Why would anyone start another think-tank?
It is a reasonable question. The centres of the world’s greatest cities are now heaving with think-tanks, full of young men in pressed blue shirts and young women juggling with PowerPoint presentations.
The problem is that there is something circular about most of them (but not all).
Either they are think-tanks with an agenda of their own, complaining about the present, when their answer to most questions is – well, I wouldn’t start from here if I were you.
Or they are think-tanks plugged umbilically into the establishment, dedicated to suggesting very small solutions to very narrow problems, with as little reference as possible to context or future.
They are idealists or technocrats, and little in between. Boring snoring, as they say.
Both have their attention very much fixed on the present, but both are actually either end of a long spectrum. What we so badly need is a few more think-tanks in the middle, with the following:
- People with life experience starting organisations and making things happen, who can tell the difference between a real trend and a dud.
- Enough understanding of the complexity and paradoxes of the present to begin to navigate the future.
- Faith in people, communities and creativity, rather than disconnected, dehumanised data.
We humbly submit the New Weather Institute as a different way forward.
We are not young (I fear). We are not complacent about the present, stuck in the past, nor dismissive of the future.
We don’t extrapolate trends. We don’t suffer from the besetting sin of so many conventional think-tanks: that an idea is better if it attracts a few headlines than if it might actually work.
We are a co-operative – as far as we know, the first co-operative think-tank. We have no expensive offices and don’t require huge overheads that our customers need to underwrite.

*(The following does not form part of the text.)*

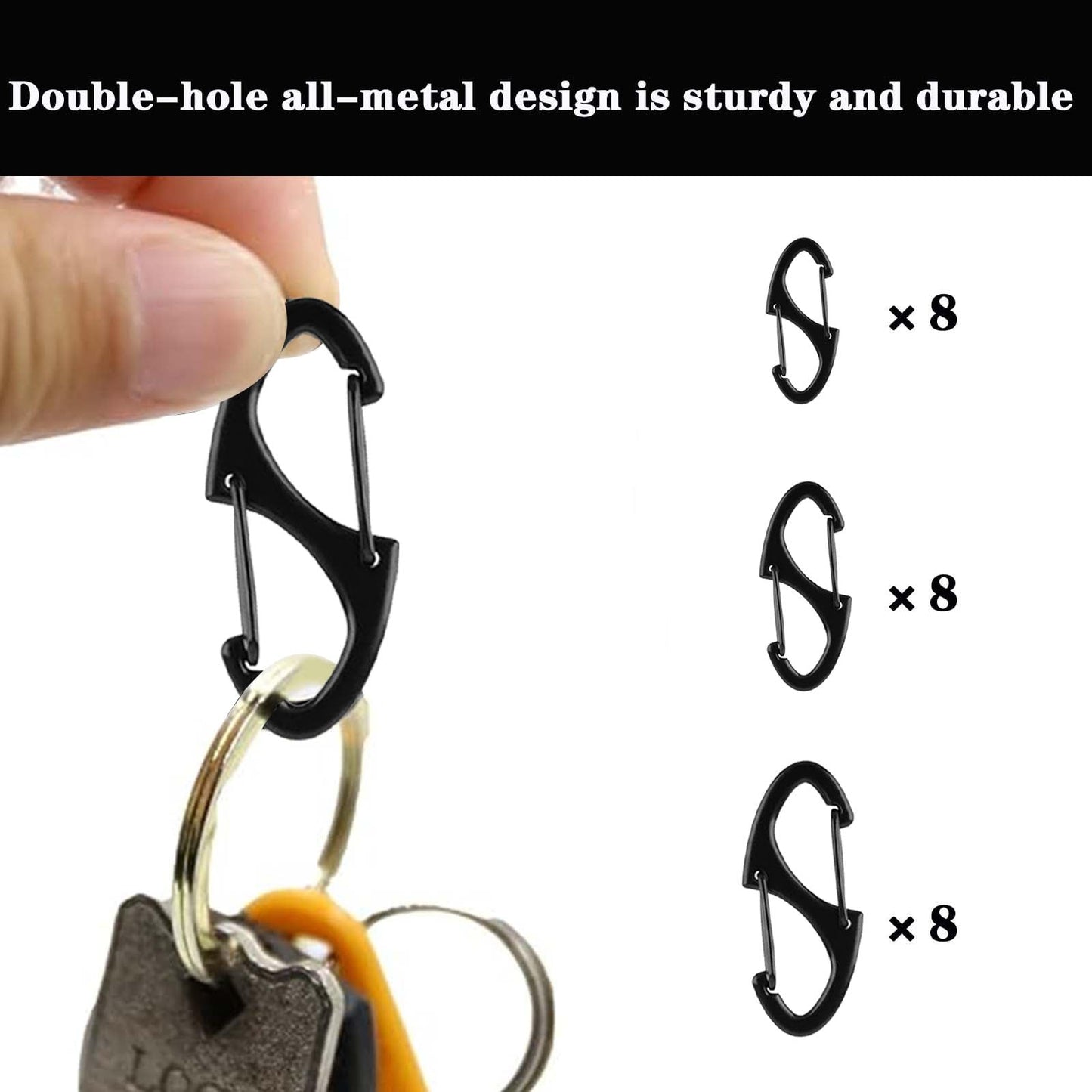 24pcs Small Carabiner Clip, S Clips Dual Opening Design, Replacement Mini Carabiner Clip (Black, 3 Sizes)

We have between us extensive experience, not only of working on the projects which map out ways forward for organisations and people – but of making the future happen, by starting the institutions or shaping the ideas that in turn have an effect on those around us.
We don’t know what’s going to happen, of course. Nobody does. But then neither do we pretend we can measure it, bottle it, or reduce it entirely to graphs.
We are not always right about the future, and we are old enough to have watched while the future becomes the present. But we do have a track record of understanding how and when that happens. And, from a humane and realistic point of view, that is what we intend to do.